Esther Ferrer est femme, accorde plus d’importance aux qualités sensibles des êtres et des choses, et comme artiste elle doit donner une forme visible et en général sensible à toutes ses interrogations, mais l’usage de la photo, tout en la condamnant à une certaine superficialité, lui permet d’être plus précise que ses illustres prédécesseurs peintres (Rembrandt, Van Gogh, Gauguin, Schiele, …) et de mieux prendre en compte le « facteur temps » : elle mesure précisément, par exemple, les parties de son corps, ou suppose d’autres couleurs de sa toison pubienne, ou date les états de son apparence et fait, en s’hybridant** avec elle-même avant ou après, des bilans de ses constances et de ses changements, ou teste le degré et le type de schizophrénie que cache la symétrie de son visage, ou en imagine d’autres divisions et recompositions (par lamelles verticales, horizontales, …), ou traduit photographiquement la vieille énigme tricéphale (D’où venons-nous ? Où allons-nous ? Qui sommes-nous?) par une progression continue du gris indistinct vers un aspect idéalement nuancé et contrasté qui retourne ensuite par de nombreuses étapes jusqu’à une indistinction très semblable à celle du début.

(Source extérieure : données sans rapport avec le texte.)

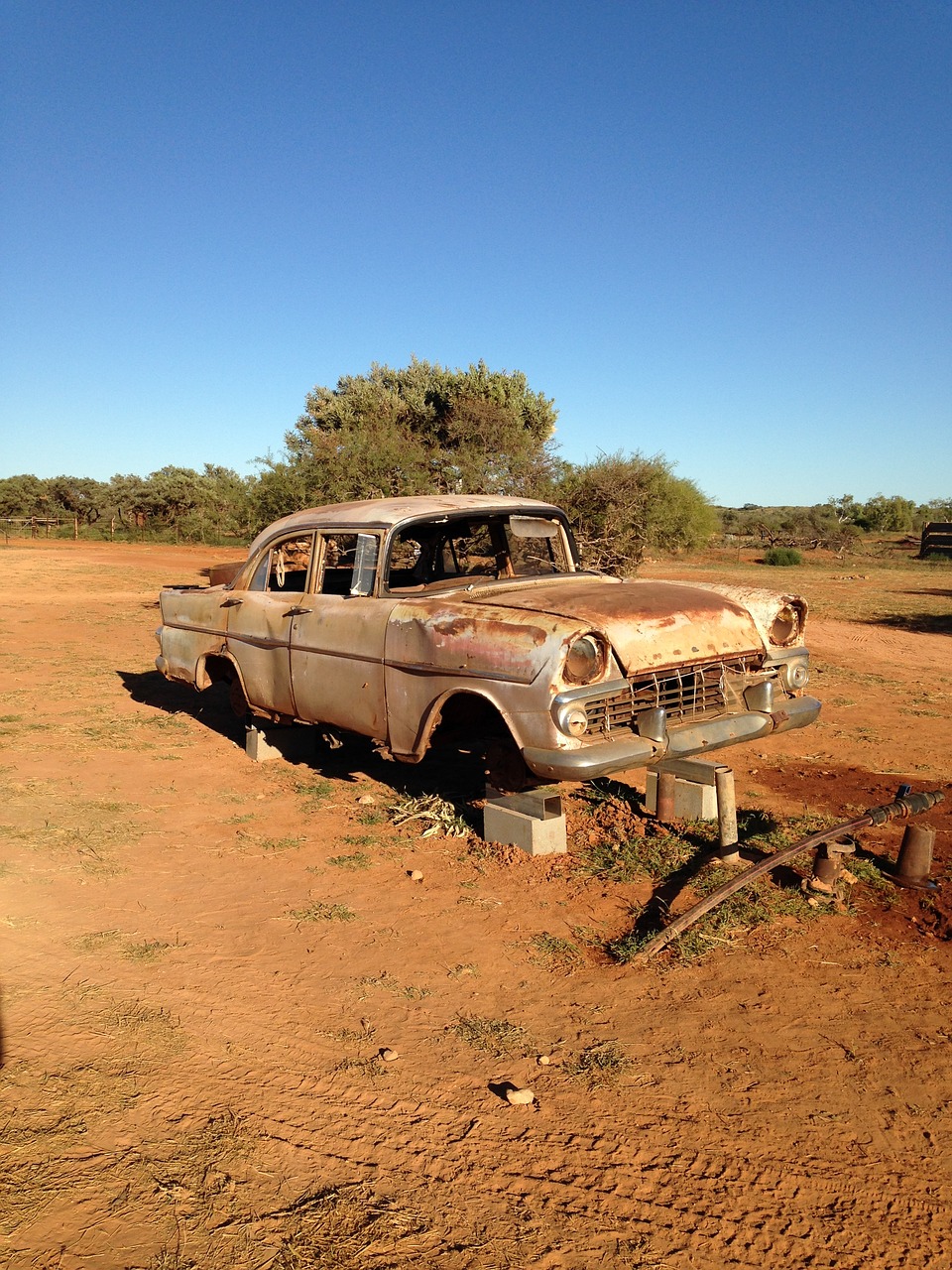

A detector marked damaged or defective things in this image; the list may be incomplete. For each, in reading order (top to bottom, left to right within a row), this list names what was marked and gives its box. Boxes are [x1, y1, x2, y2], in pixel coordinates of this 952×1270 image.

rusted abandoned car [155, 498, 817, 786]
corroded car hood [464, 579, 762, 675]
cracked car grille [583, 655, 754, 734]
bent chrome bumper [516, 695, 821, 786]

Par le même genre de moyens elle dit aussi ce qu’elle n’aime pas : sur une photo elle vomit une carte de crédit ; sur un montage une diarrhée de pièces sort de sa bouche comme d’une machine à sous (il y a dans le livre que Dali a fait avec Halsmann quelque chose qui ressemble un peu à cela, mais l’intention semble assez différente)
Ce que Godard dit de la caméra, qu’elle est un doute, peut être étendu à l’art en général, qui est l’art de mettre en questions, par les moyens de l’écriture, de la peinture, de la photo, du film, de la performance, de la vidéo, … Comme on ressort de l’exposition d’Esther Ferrer la tête pleine de points d’interrogations, cela signifie sans doute qu’elle a bien fait son travail performativement perforant de taupe artistique (sans lequel la terre de nos certitudes ne pourrait respirer).
* les aquarelles – superbes – du livre – magnifique – qu’il a fait avec Camille Saint-Jacques, L’imagination est un pays où il pleut (Éditions La pionnière, 2014) sont visibles à la Galerie Jordan (77 rue Charlot 75003) jusqu’au 12 juillet.
** « En art, j’aime bien les choses hybrides. La performance est un terrain très favorable à l’hybridité, et c’est ce qui m’intéresse. » Cette déclaration d’Esther Ferrer lui a valu d’être nommée Hurlue d’honneur de la Berlu par l’équipage au grand complet. Nous adressons nos sincères félicitations à l’heureuse hurlue.